**Pictures with short captions:**
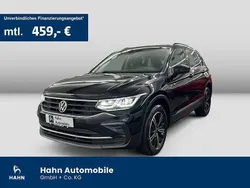 Deep black perleffekt Gebraucht 2021 VW Tiguan Life SUV | 28.340 € (Fairer Preis)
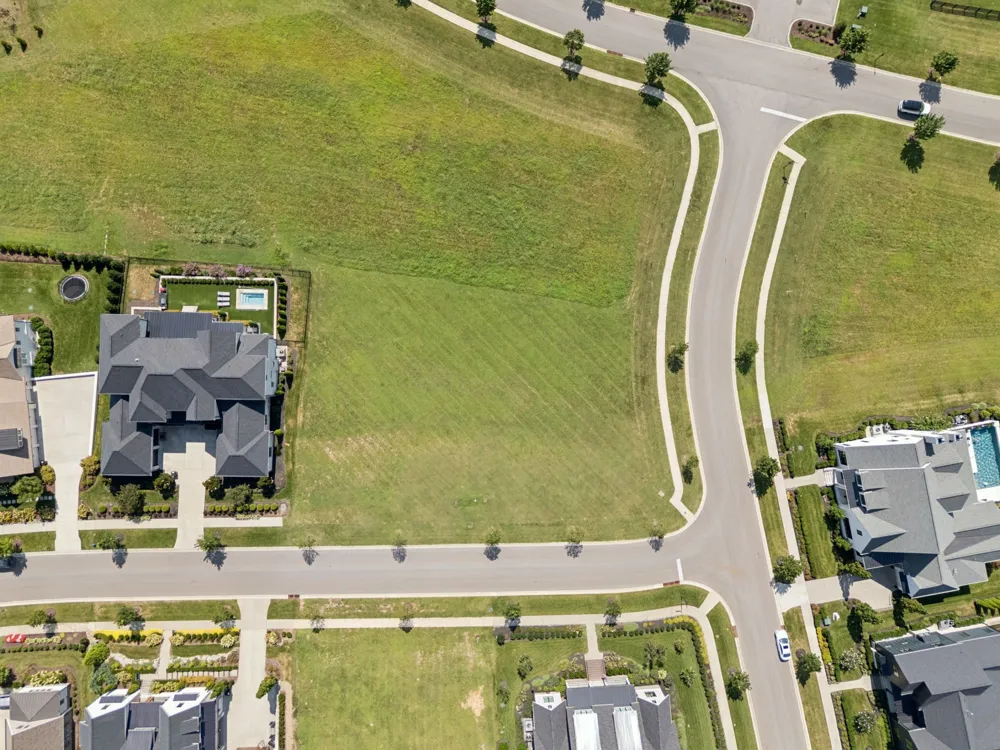 9000 Passiflora Ct College Grove, TN 37046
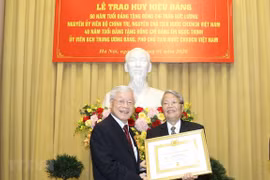 Reciben expresidente y subjefa del Estado de Vietnam insignias por sus largas carreras partidistas 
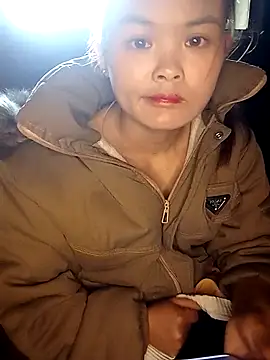 xinhxinhcute online show from 12/18/25, 02:06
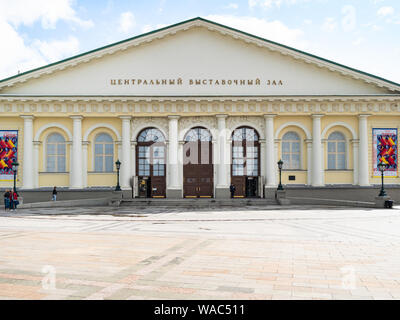 Moscou, Russie - le 31 juillet 2019 : les touristes près de l'entrée principale du centre des expositions de Manege dans la ville de Moscou. Le bâtiment a été construit en 1817 selon Banque D'Images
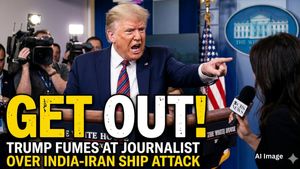 Iran Vs America War:  भारतीय जहाजों पर हुए हमले के सवाल पर भड़के ट्रंप, महिला पत्रकार को निकाला बाहर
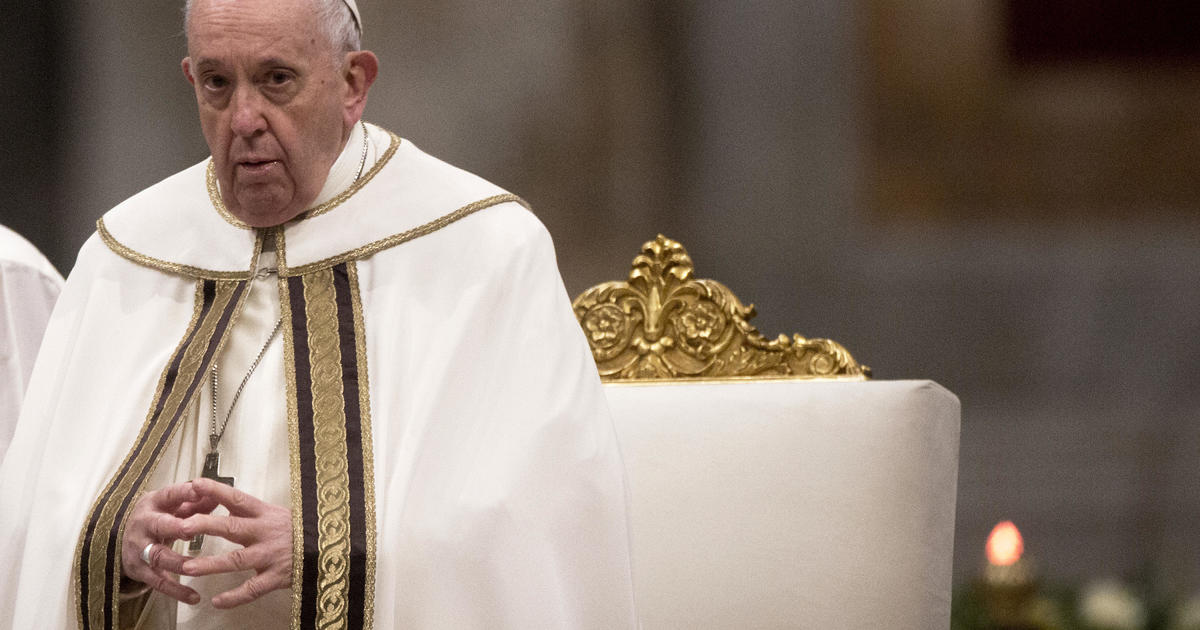 Pope Francis says parents should support gay children, not condemn them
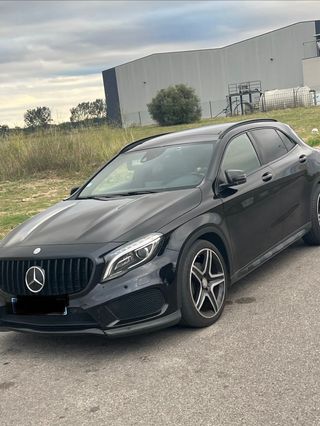 Mercedes-Benz GLA 2015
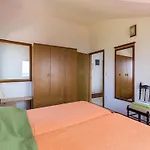 Apartments Kisic - Two-Bedroom Apartment With Balcony And Sea View Potkrovlje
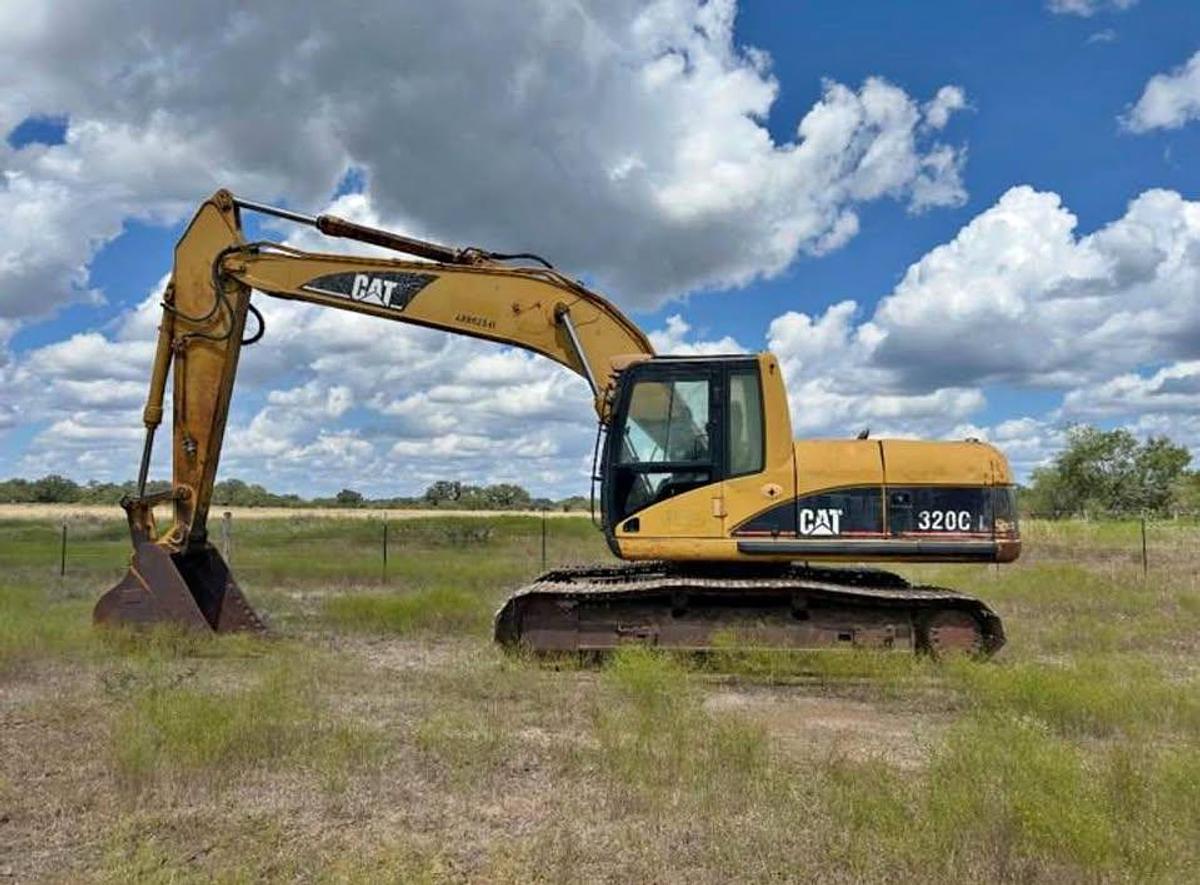 Used 2002 CAT 320C EXCAVATOR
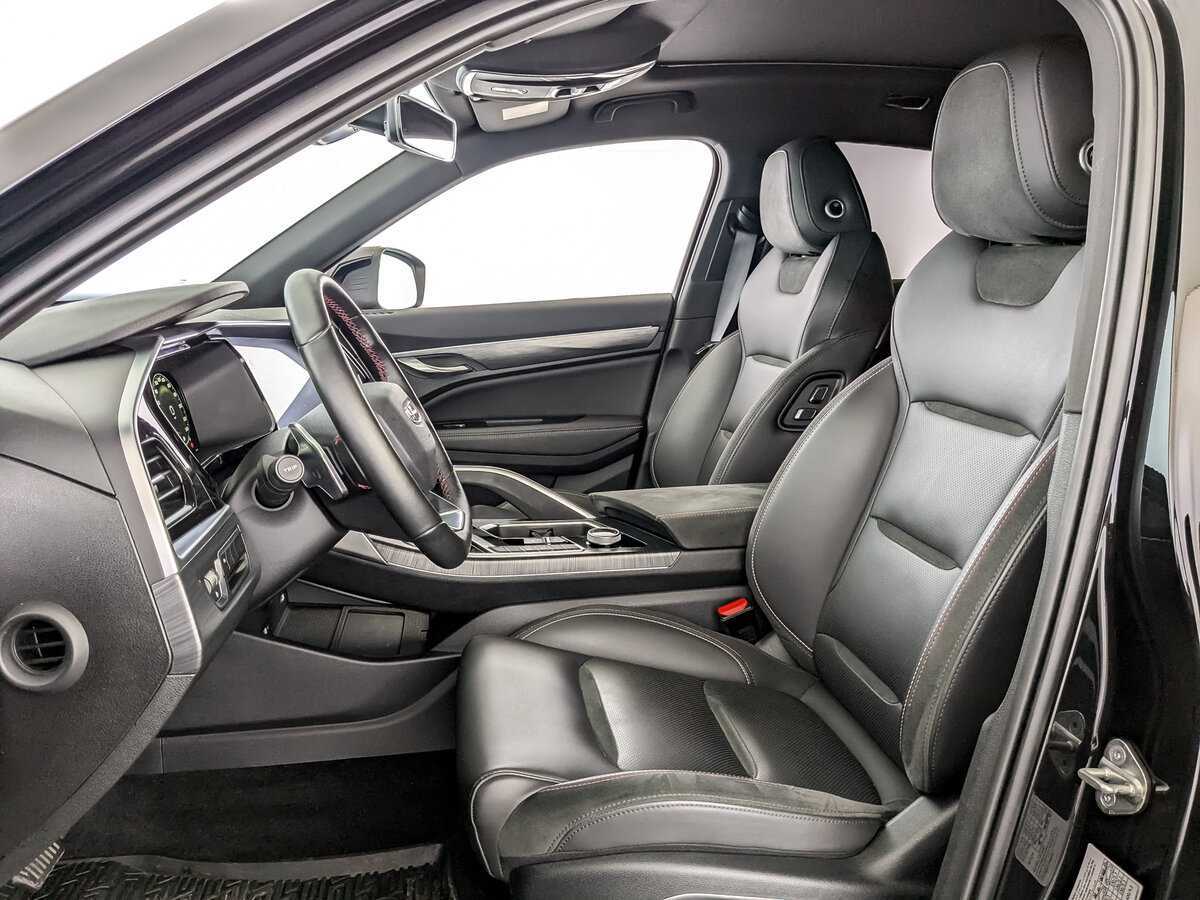 Geely Tugella с пробегом — 2023 год. Фото: #15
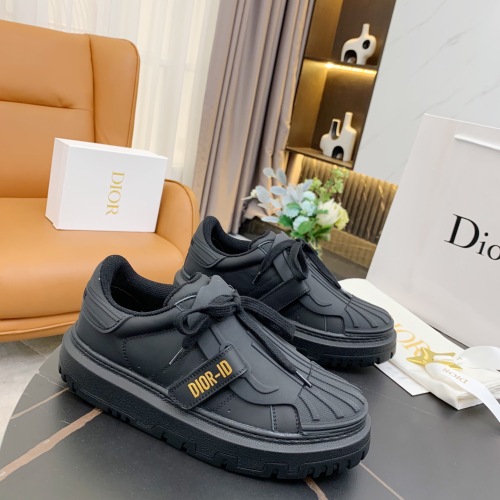Dior Shoes for Women's Sneakers #99910160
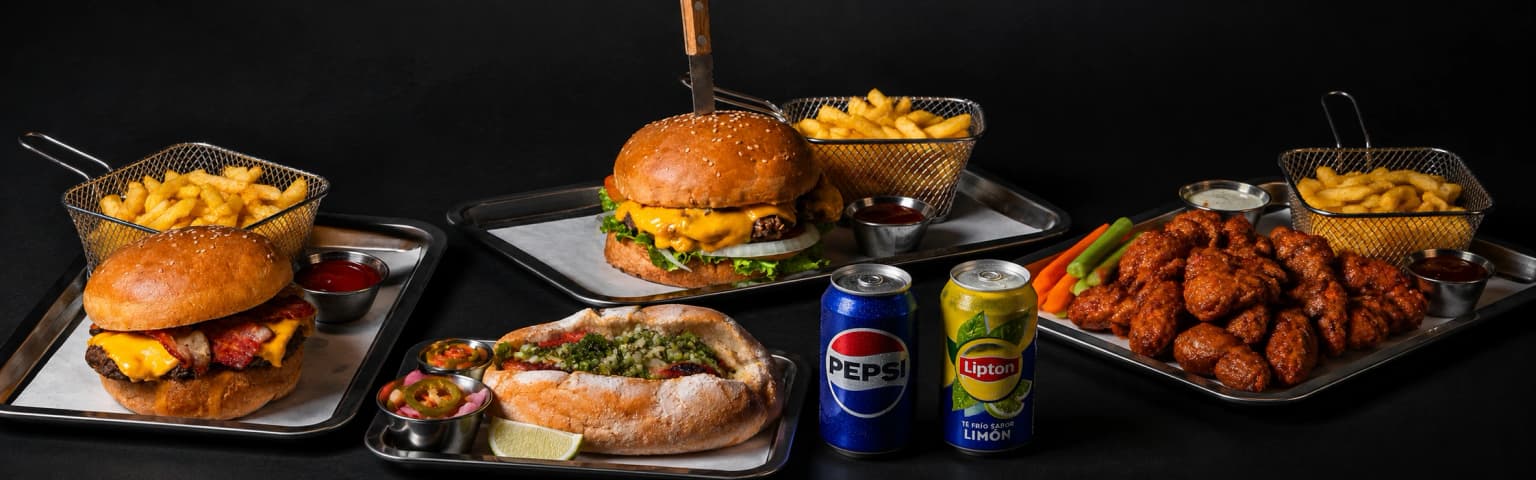 Mr. Wayne — Hamburguesas, Alitas, Choripán y Bebidas artesanales
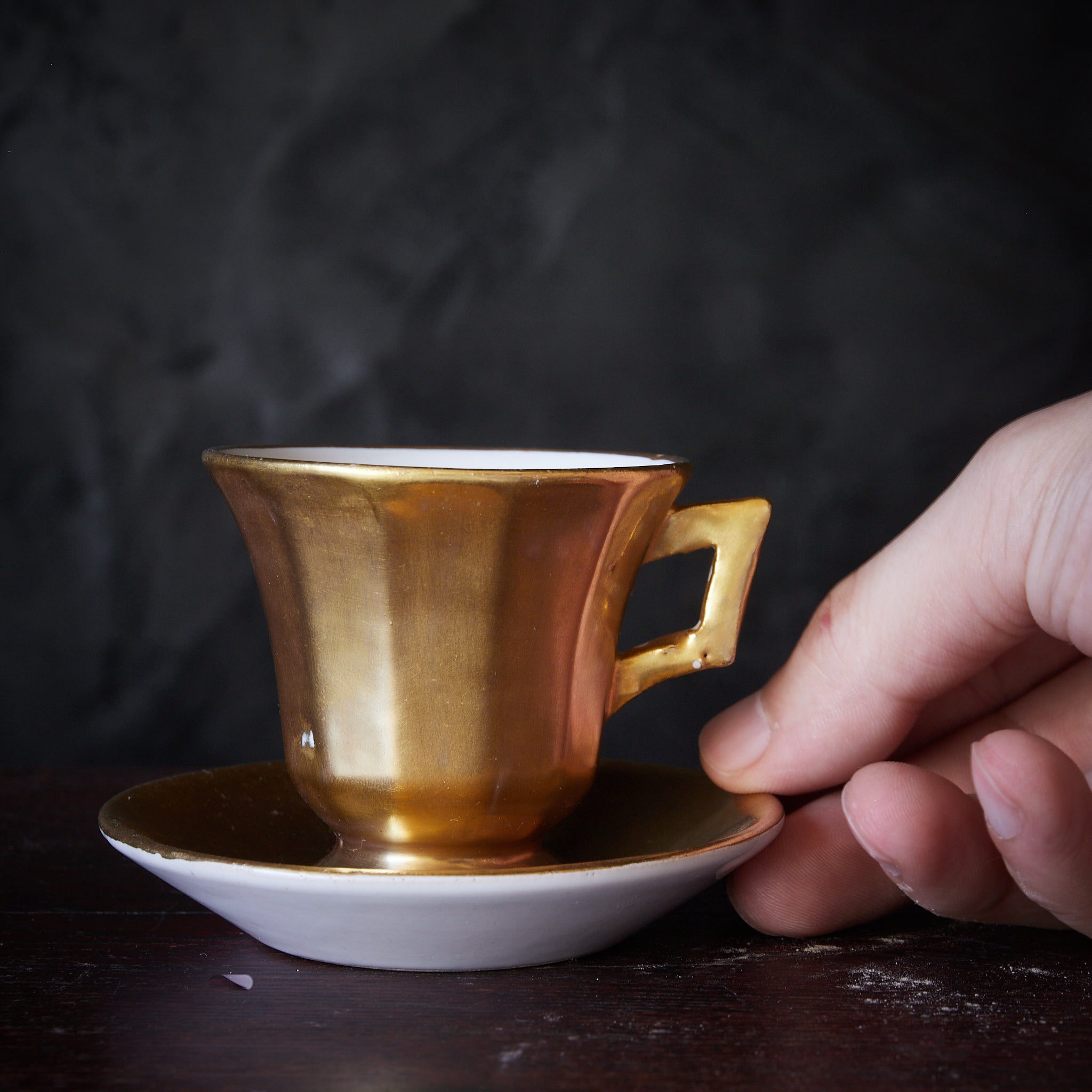 TASSE UND UNTERTASSE, Goldverzierte, Hergestellt von Emile Tessier, Französische Antiquität, Moderne(19.–20. Jahrhundert)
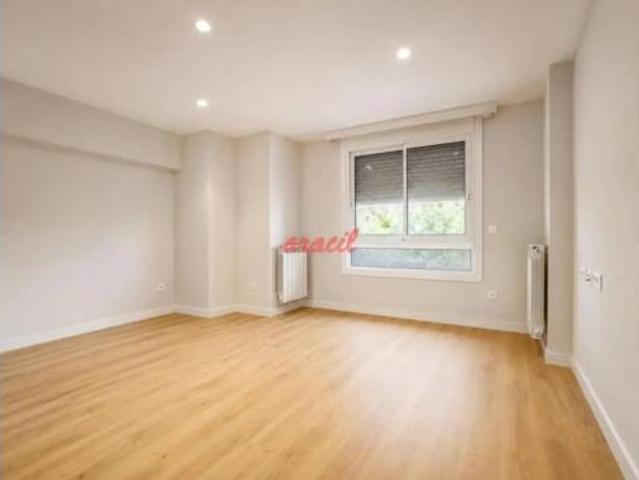 Piso en venta en Centro, Ourense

**TASK DESCRIPTION:**
Your copy should hold only the lines from the line with "TASSE UND UNTERTASSE, Goldverzierte, Hergestellt" through the end of the data above, both ends included, transcribed exactly and without pictures.

**EXERCISE RESPONSE:**
 TASSE UND UNTERTASSE, Goldverzierte, Hergestellt von Emile Tessier, Französische Antiquität, Moderne(19.–20. Jahrhundert)
 Piso en venta en Centro, Ourense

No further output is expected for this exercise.